Submitted to: Journal of Applied Microbiology
Publication Type: Peer reviewed journal
Publication Acceptance Date: 7/1/2004
Publication Date: 10/1/2004
Citation: Chang, P.-K., Wilson, R.A., Keller, N.P., Cleveland, T.E. 2004. Deletion of the delta 12-oleic acid desaturase gene of a non-aflatoxigenic Aspergillus parasiticus field isolate affects conidiation and sclerotial development. Journal of Applied Microbiology. 97:1178-1184. Interpretive Summary: Oil-rich crops such as corn, peanuts, cottonseed, and tree nuts are often infested before harvest by Aspergillus flavus and Aspergillus parasiticus. These fungi produce cancer-causing aflatoxins, which are strictly regulated for both animal feed and food destined for human consumption due to health concerns. Limited uses of contaminated agricultural commodities greatly reduce the profitability of farmers. One method for the reduction of aflatoxin contamination is through field application of atoxigenic Aspergillus strains to displace toxigenic strains. The success of the biocontrol method lies in the fitness of applied biopesticides in the field. Fungal fitness can be defined in terms of its ability to reproduce quickly, to disseminate widely, to colonize the host plants efficiently, and to survive harsh environments, such as heat, cold, arid soil conditions, and drastic temperature changes. In this study, we investigated how fatty acid metabolism affects the production and development of fungal propagules, conidia, and overwintering sclerotia. We showed that linoleic acid is a major determinant for the development of these propagules. Conditions that promote sclerotial development differ from those required to promote maximum conidia. Manipulation of content and availability of linoleic acid at different fungal growth phases might optimize conidial and sclerotial production hence increasing the efficacy of biocontrol Aspergillus species. Reduction of carcinogenic aflatoxins in agricultural commodities can greatly increase the profitability of farmers.

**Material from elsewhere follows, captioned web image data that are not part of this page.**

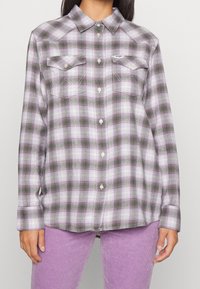 Camicia di flanella a quadri con colori viola, verde e bianco; presenta due tasche sul petto, chiusura con bottoni e colletto classico.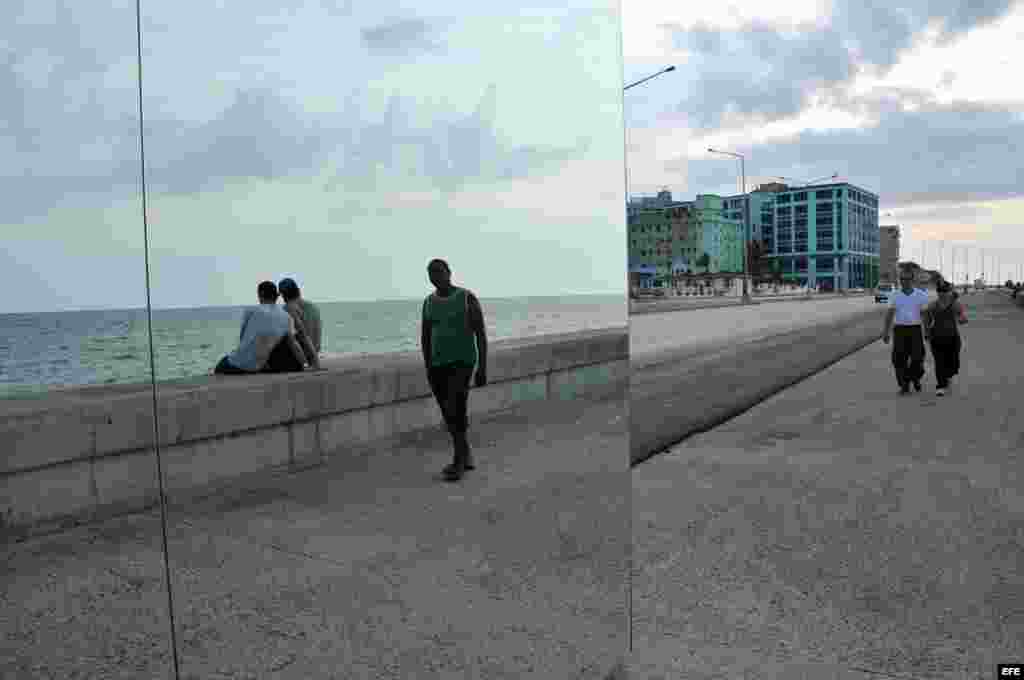 Dos hombres caminan junto a la obra ""Happily Ever After", de la artista cubana Rachel Valdés Camejo, colocada en el malecón de La Habana (Cuba) como parte de la XI Bienal de La Habana.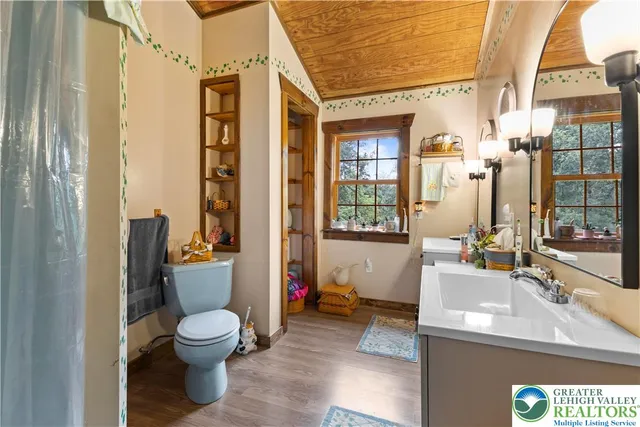 a view of a patio with table and chairs and potted plants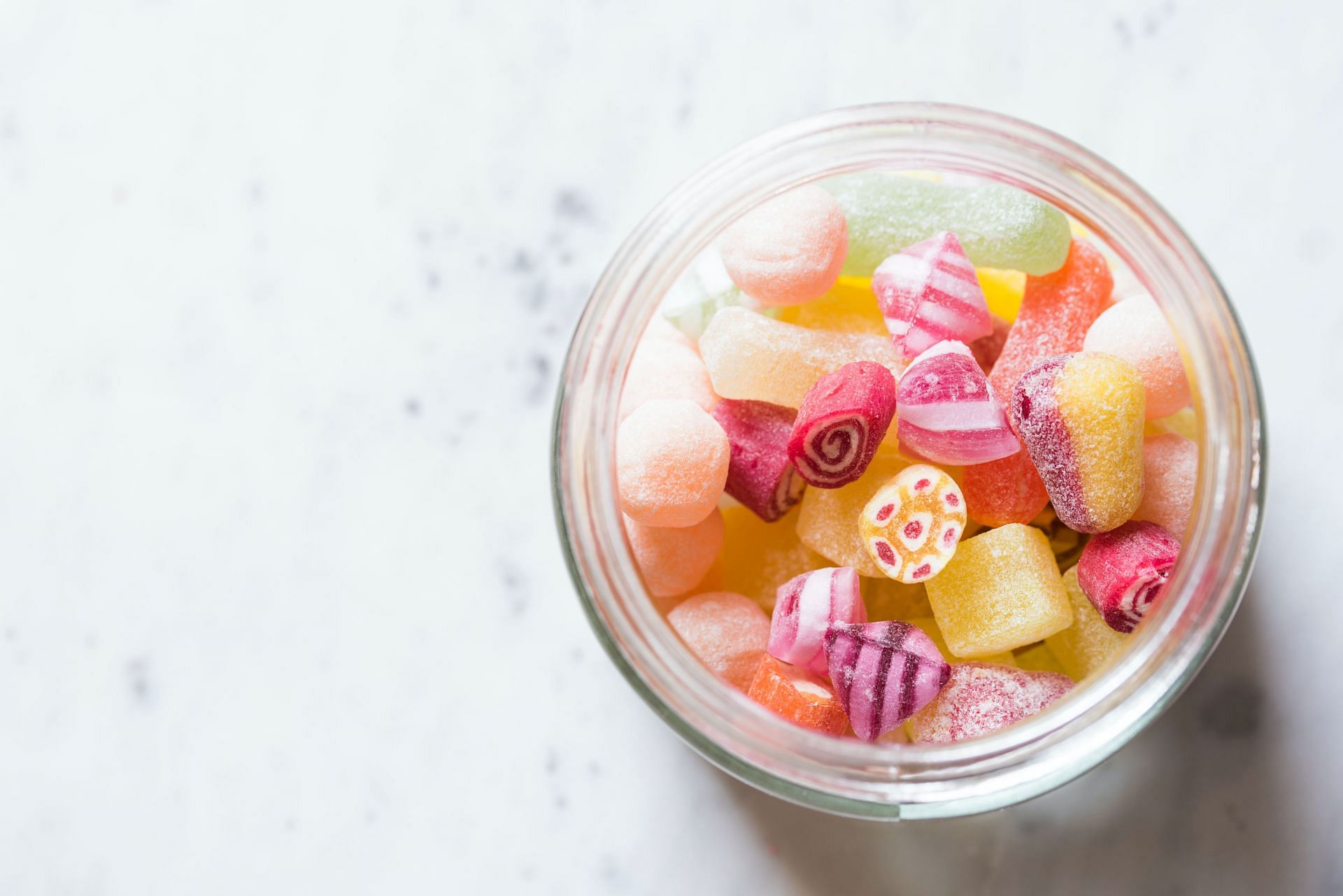 We consume sugar in many ways, like candies. (Image via Unsplash/ Joanna Kosinska)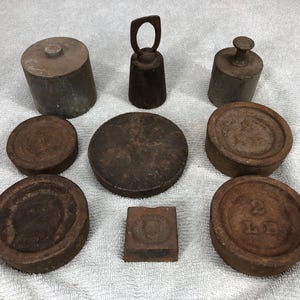 May include: An assortment of antique metal weights in various shapes and sizes. The collection includes cylindrical, round, and square weights, with a bell-shaped weight with a handle. The weights are a rusty brown color.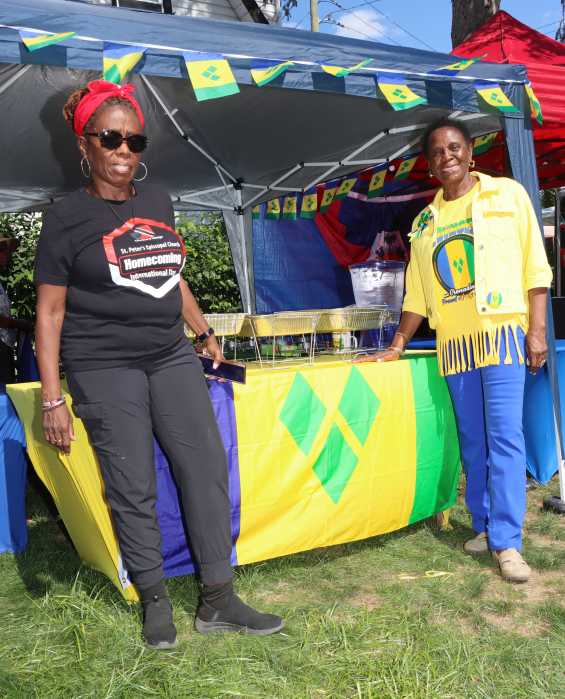 Trinidadian Monica Carrington, left, and Vincentian Barbara McDowall at the Vincentian tent.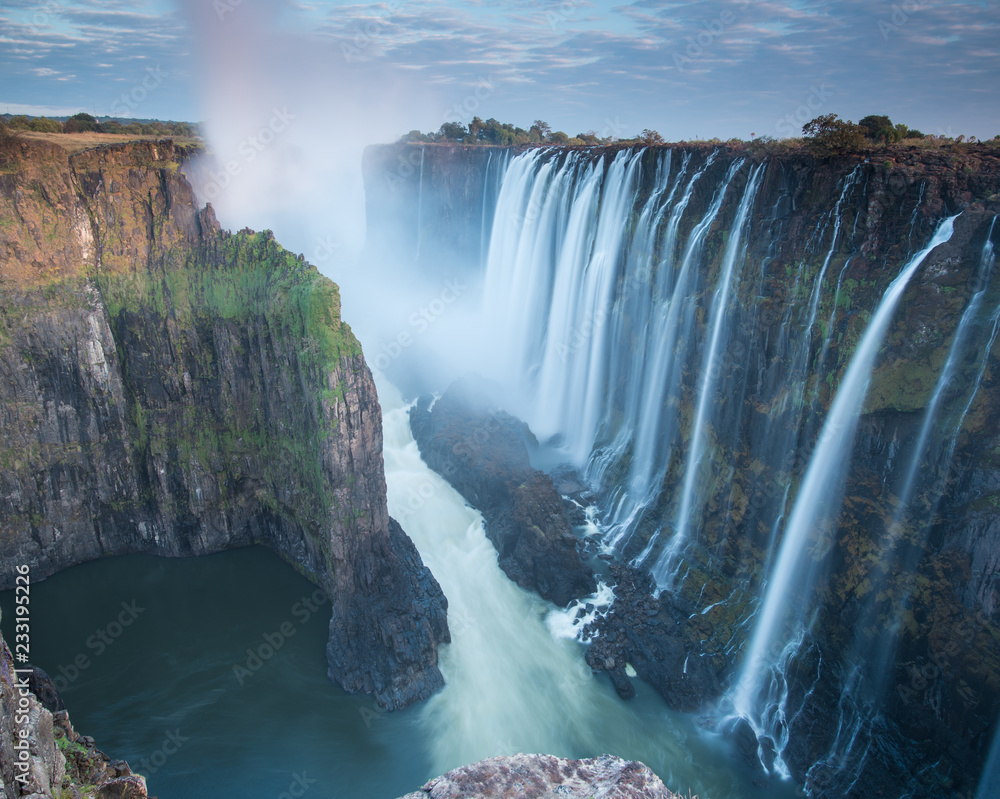 Early morning at Victoria Falls from Zambia looking into Zimbabwe - obrazy, fototapety, plakaty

Technical Abstract: Aims: To investigate how linoleic acid affects conidial production and sclerotial development in a strictly mitotic Aspergillus parasiticus field isolate as related to improving biocompetitivity of atoxigenic Aspergillus species. Methods and Results: We disrupted A. parasiticus delta 12-oleic acid desaturase gene (odeA) responsible for the conversion of oleic acid to linoleic acid. We examined conidiation and sclerotial development of SRRC 2043 and three isogenic delta odeA mutants, either with or without supplementing linoleic acid, on one complex potato dextrose agar (PDA) medium and on two defined media: nitrate-containing Czapek agar (CZ) and Cove's ammonium medium (CVN). The delta odeA mutants produced much less conidia than the parental strain on all media. Linoleic acid supplementation (as sodium linoleate at 1- and 4 mM) restored the delta odeA conidial production comparable to or exceeding the parental level, and the effect was medium-dependent, with the highest increase on CVN and the least on PDA. SRRC 2043 and the delta odeA mutants were unable to produce sclerotia on CVN. On unsupplemented PDA and CZ, delta odeA sclerotial mass was comparable to that of SRRC 2043, but sclerotial number in odeA mutants increased significantly to 2- to 3-fold relative to SRRC 2043. Supplementing linoleic acid to media, in general, tended to decrease delta odeA sclerotial mass and sclerotial number, although some variations were observed. Conclusions: Linoleic acid stimulates conidial production, but it has an inhibitory effect on sclerotial development. The relationship between the two processes in A. parasiticus is complex and affected by multiple factors, such as fatty acid composition and nitrogen sources. Significant and Impact of Study: Conditions that promote sclerotial development differ from those required to promote maximum conidia. Manipulation of content and availability of linoleic acid at different fungal growth phases might optimize conidial and sclerotial production hence increasing the efficacy of biocompetitive Aspergillus species formulations.